Kitzler: Sie versuchen das mit vielen anderen Themen noch zu verbinden, Politiker aus dem Regierungslager werfen Ihnen deshalb ja Blockadehaltung vor, mit einigem Recht.

Schwesig: Überhaupt nicht, und daran sieht man, dass die Politiker in der Union und auch in der FDP eigentlich hier gar nicht merken, worum es geht. Das, was Frau von der Leyen jetzt vorgeschlagen hat, die kleinen Verbesserungen für ein paar Kinder, kann sie ab 1.1. schon längst umsetzen, da ist sie voll handlungsfähig. Sie tut es leider noch nicht, vor Ort droht wirklich Chaos, wenn man mit den Argen spricht, den Kommunen, weiß keiner so richtig, wie das laufen soll. Das kann sie aber tun. Wir werden gar nicht blockieren, sondern wir werden mehr fordern für die Kinder, und vor allem fordern, dass mehr bei mehr Kindern ankommt. Das ist doch ganz entscheidend, dass uns nicht wieder die Kinder durchfallen, wo Eltern arbeiten gehen, aber auch nicht so viel Geld haben, um sich alles leisten zu können. Darum geht es, nicht blockieren, sondern mehr für die Kinder rausholen. Und wenn die Frau von der Leyen jetzt endlich unsere Vorschläge sofort in ihrem Gesetz aufnimmt, dann können wir alle noch in diesem Jahr zustimmen. Das liegt doch nur bei ihr.

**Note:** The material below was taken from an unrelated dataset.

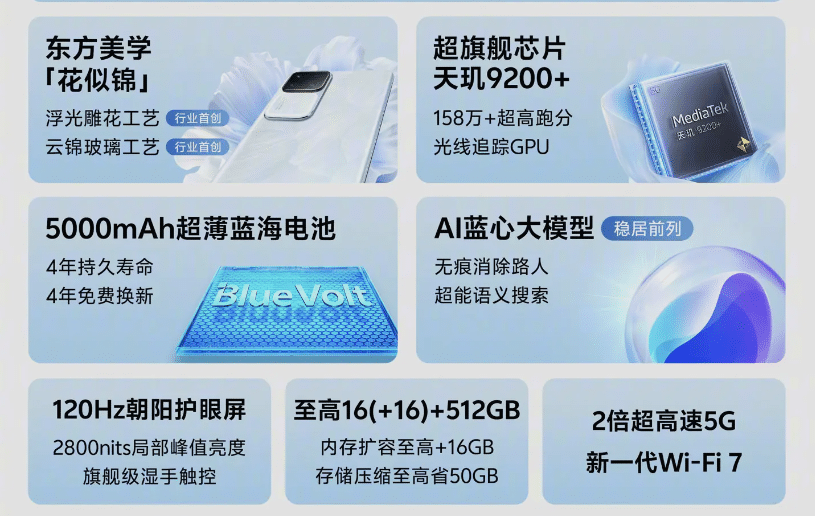 Vivo S18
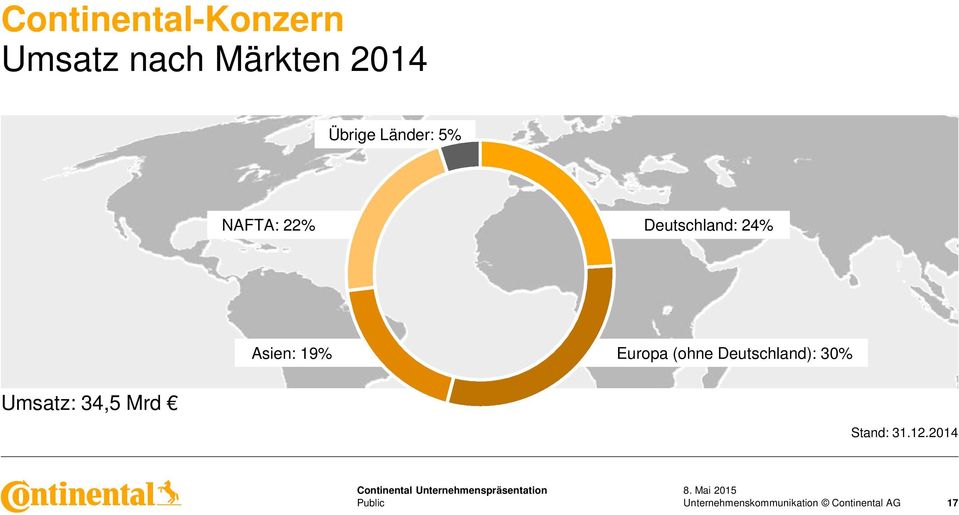 Deutschland: 24% Asien: 19% Europa (ohne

Kitzler: Sie betonen jetzt immer so, dass viel für die Kinder rausgeholt werden muss. Ist das nicht vielleicht auch ein bisschen schlechtes Gewissen bei der SPD? Denn die, wie sich herausgestellt hat, verfassungswidrigen Berechnungen der Hartz-IV-Regelsätze, die haben wir ja Ihrer Partei unter anderem auch zu verdanken.

Schwesig: Ich habe kein schlechtes Gewissen, denn ich fordere seit Langem, dass wir hier viel mehr tun müssen, dass wir mehr in die Kitas vor Ort investieren müssen, in die Ganztagsschulen, dass Kinder wirklich bessere Förderung bekommen. Das Urteil des Bundesverfassungsgerichts haben alle demokratischen Parteien zu verantworten, weil damals SPD, CDU, FDP und Grüne im Bundestag und Bundesrat verantwortlich waren, aber gerade weil wir diese Verantwortung sehr ernst nehmen, versuchen wir das jetzt gut zu machen, und die Union kann von uns nicht verlangen, dass wir noch mal einem verfassungswidrigen Gesetz zustimmen. Wir wollen es besser machen und das ist auch unsere Verantwortung.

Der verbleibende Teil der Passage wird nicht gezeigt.